*EXERCISE*. Reproduce the lines below exactly, from the one containing "Tennis Heart Racket" through the one containing "Hot Pink und", both included. Leave out any pictures.

*DATA LISTING*.
◆ ◆ ◆
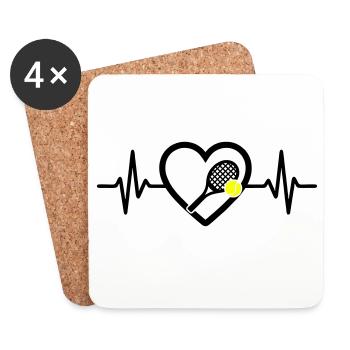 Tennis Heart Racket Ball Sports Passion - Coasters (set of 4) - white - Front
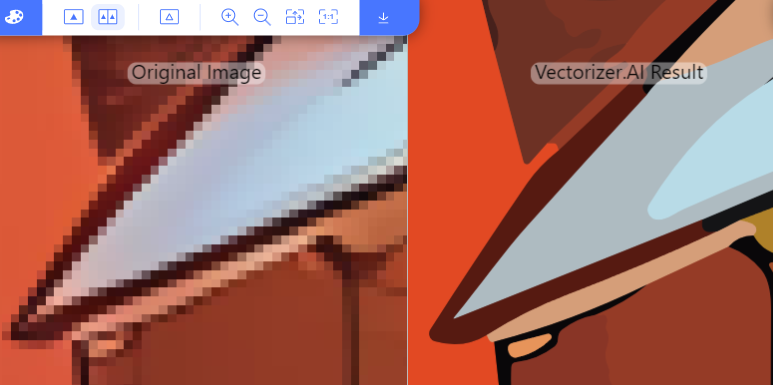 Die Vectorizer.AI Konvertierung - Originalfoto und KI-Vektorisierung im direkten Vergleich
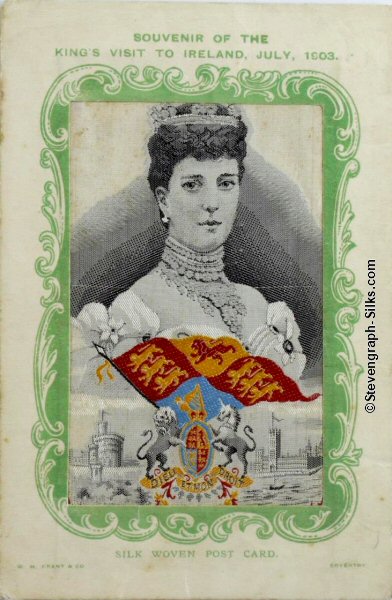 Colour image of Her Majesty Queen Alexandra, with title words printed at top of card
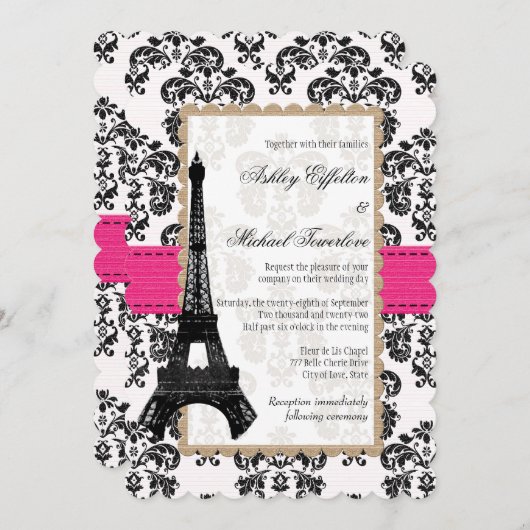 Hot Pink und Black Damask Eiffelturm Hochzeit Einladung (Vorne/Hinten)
◆ ◆ ◆
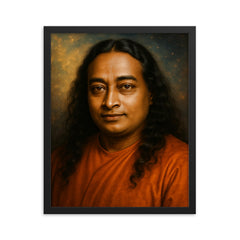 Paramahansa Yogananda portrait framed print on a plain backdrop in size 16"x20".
◆ ◆ ◆
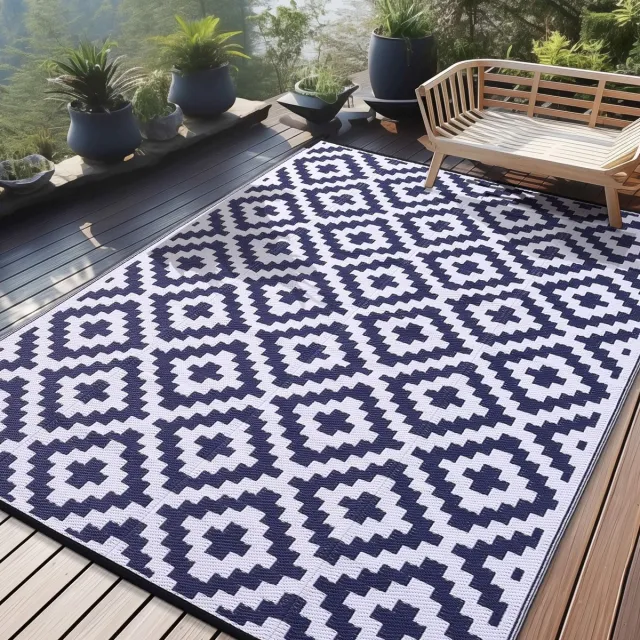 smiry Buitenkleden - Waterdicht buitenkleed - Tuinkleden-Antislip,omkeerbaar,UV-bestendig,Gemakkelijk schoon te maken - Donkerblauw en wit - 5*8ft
◆ ◆ ◆
*OUTPUT OF THE EXERCISE*.
 Tennis Heart Racket Ball Sports Passion - Coasters (set of 4) - white - Front
 Die Vectorizer.AI Konvertierung - Originalfoto und KI-Vektorisierung im direkten Vergleich
 Colour image of Her Majesty Queen Alexandra, with title words printed at top of card
 Hot Pink und Black Damask Eiffelturm Hochzeit Einladung (Vorne/Hinten)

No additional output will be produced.